Natarajasana is an incredible balancing posture that offers benefits for the whole body. It works on the back, legs, and thoracic regions, strengthening, toning, and increasing the flexibility. Let’s learn how to do this pose!
The meaning of the posture, when translated, becomes Lord of the Dance pose. Natanam is a Sanskrit word that means dance and Nata is the shorter version for the same. Raja stands for King literally, and Asana means Pose.
So Nata + Raja + Asana = King of the Dance. There’s an interesting mythology behind this posture.

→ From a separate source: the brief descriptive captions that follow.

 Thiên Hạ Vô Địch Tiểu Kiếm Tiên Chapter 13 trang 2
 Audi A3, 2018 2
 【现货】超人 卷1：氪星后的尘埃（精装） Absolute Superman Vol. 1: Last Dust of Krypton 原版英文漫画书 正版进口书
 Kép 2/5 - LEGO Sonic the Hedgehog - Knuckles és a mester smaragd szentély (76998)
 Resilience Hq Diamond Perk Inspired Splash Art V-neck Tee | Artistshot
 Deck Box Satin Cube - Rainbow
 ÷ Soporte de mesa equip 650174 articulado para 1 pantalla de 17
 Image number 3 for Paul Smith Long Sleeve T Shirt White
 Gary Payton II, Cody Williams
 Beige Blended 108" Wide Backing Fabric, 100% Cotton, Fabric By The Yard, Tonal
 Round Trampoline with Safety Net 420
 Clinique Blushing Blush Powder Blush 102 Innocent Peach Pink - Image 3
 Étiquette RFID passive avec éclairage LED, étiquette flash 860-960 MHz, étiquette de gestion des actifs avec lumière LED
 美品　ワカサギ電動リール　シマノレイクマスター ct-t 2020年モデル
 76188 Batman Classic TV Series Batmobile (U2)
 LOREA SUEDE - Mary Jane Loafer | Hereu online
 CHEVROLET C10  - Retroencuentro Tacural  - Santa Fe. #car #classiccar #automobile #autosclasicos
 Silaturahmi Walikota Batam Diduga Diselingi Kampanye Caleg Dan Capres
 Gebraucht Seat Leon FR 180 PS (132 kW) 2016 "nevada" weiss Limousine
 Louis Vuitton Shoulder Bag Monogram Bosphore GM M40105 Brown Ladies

The very first look at the position points out that it shares a very close resemblance to the Dancing Lord, Shiva. His cosmic dance, known as Tandava, has the reputation of being ferocious and grateful simultaneously. This duality points out to the lovely way of balancing the masculine and feminine properties of a human being.
Shiva, according to Hindu mythology, is the destroyer. His name itself means liberating. The posture is a depiction of how human life is. In the ancient paintings that were discovered from South India, he is found to stand in the middle of a wheel, with dreadlocks open. He holds a conch in one hand and drum in the other. There is a bowl of fire in one of his four hands and Trishula in the fourth one. A poisonous snake is his adornment. Below his feet is a dwarf.
The entire depiction is beautiful and energizing. This wheel is the cosmic ring made of fire represents the eternal birth, life, and death cycle. Even though he stands amidst the blazing fire, he is calm and stable.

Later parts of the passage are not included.